Arginine171 of Chlamydomonas reinhardtii [Fe–Fe] hydrogenase HydA1 plays a crucial role in electron transfer to its catalytic center

[Fe–Fe] hydrogenases, with hydrogen evolution activities outperforming [Ni–Fe] hydrogenases by 3–4 orders of magnitude, are still the most promising enzyme class for hydrogen production purposes. For Chlamydomonas reinhardtii [Fe–Fe] hydrogenase HydA1 the question of catalytic activity and electron transport is of main importance. Here we report the characterization of two mutant forms of C. reinhardtii HydA1. An aspartic acid in place of arginine171 leads to a six-fold increase of the catalytic activity in comparison to the wild type protein during methyl viologen-dependent hydrogen production. Tryptophan in position 171 does not result in any change in methyl viologen-induced activity.

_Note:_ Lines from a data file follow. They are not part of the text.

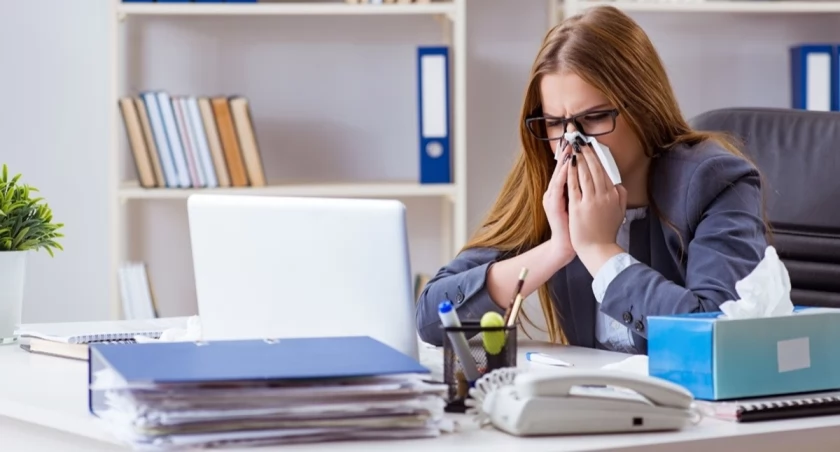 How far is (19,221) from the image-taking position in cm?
158

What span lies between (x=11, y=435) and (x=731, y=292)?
0.90 meters

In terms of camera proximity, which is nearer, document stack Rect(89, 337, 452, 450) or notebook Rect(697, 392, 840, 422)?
document stack Rect(89, 337, 452, 450)

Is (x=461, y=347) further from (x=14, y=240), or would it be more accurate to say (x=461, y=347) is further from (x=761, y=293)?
(x=14, y=240)

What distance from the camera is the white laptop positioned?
1132 millimetres

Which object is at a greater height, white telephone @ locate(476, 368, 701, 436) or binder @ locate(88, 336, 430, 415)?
binder @ locate(88, 336, 430, 415)

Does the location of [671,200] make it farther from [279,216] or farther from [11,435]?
[11,435]

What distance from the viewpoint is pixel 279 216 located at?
117 centimetres

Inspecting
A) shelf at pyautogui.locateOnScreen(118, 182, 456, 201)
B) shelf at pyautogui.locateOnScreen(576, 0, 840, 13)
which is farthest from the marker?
shelf at pyautogui.locateOnScreen(576, 0, 840, 13)

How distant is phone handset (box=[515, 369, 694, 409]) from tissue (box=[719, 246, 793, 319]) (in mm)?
121

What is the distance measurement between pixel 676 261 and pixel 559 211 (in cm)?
19

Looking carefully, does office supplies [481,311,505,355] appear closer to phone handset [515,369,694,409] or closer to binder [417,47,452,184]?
phone handset [515,369,694,409]

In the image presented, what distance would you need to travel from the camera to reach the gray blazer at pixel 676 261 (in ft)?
4.72

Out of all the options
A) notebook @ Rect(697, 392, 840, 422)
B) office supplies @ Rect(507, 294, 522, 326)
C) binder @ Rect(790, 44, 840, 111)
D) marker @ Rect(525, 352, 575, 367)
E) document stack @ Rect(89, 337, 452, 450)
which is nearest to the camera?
document stack @ Rect(89, 337, 452, 450)

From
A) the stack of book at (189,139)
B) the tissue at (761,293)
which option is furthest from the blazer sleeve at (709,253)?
the stack of book at (189,139) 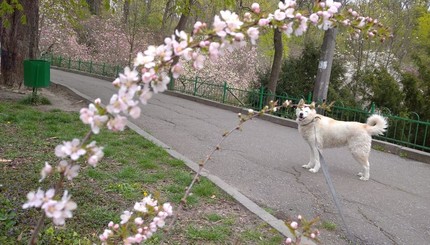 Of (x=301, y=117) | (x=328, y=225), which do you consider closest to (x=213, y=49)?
(x=328, y=225)

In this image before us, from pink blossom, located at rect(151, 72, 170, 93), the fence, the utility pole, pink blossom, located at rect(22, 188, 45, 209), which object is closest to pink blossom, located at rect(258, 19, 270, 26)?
pink blossom, located at rect(151, 72, 170, 93)

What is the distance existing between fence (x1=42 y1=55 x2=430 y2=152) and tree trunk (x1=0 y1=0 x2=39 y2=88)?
10.8 feet

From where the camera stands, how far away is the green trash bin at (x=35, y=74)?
10844 mm

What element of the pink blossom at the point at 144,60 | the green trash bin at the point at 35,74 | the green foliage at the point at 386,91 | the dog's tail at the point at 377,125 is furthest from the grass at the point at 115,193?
the green foliage at the point at 386,91

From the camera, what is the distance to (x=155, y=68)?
1.38 meters

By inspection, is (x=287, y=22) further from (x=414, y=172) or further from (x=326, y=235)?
(x=414, y=172)

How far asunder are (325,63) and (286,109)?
2234 millimetres

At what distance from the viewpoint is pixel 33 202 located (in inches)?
50.6

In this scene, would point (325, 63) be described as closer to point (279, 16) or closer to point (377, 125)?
point (377, 125)

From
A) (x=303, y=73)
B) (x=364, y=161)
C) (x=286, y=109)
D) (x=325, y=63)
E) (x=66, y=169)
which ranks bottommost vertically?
(x=364, y=161)

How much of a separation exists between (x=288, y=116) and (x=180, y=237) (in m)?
9.66

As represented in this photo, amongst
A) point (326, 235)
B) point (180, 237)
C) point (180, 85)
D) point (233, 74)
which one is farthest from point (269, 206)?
point (233, 74)

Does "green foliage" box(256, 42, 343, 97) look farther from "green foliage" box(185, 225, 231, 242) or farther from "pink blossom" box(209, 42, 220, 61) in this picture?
"pink blossom" box(209, 42, 220, 61)

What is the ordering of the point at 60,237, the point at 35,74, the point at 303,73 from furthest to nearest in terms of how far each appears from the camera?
the point at 303,73
the point at 35,74
the point at 60,237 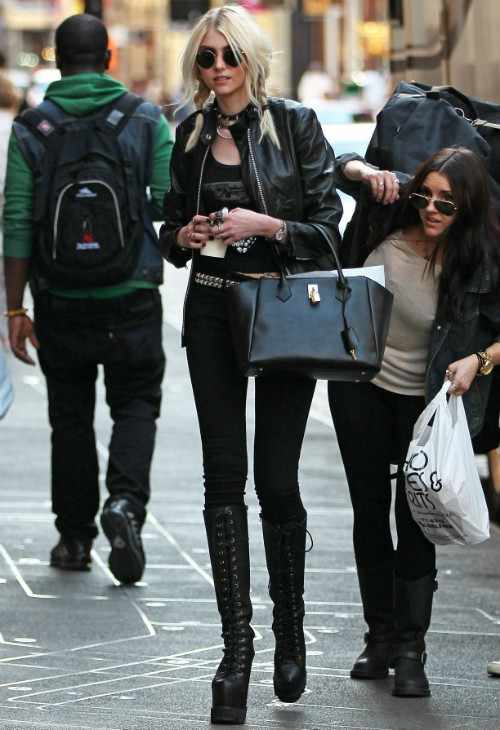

At the same time these mutations lead to a strong decrease in ferredoxin-dependent hydrogen production while the catalytic center of mutant forms stays intact. The localization of this amino acid (arginine171) in the environment of CrHydA1 H-cluster indicates that the limitation of the catalytic activity of this hydrogenase is due to the electron transfer step to the catalytic center where the reduction of protons takes place.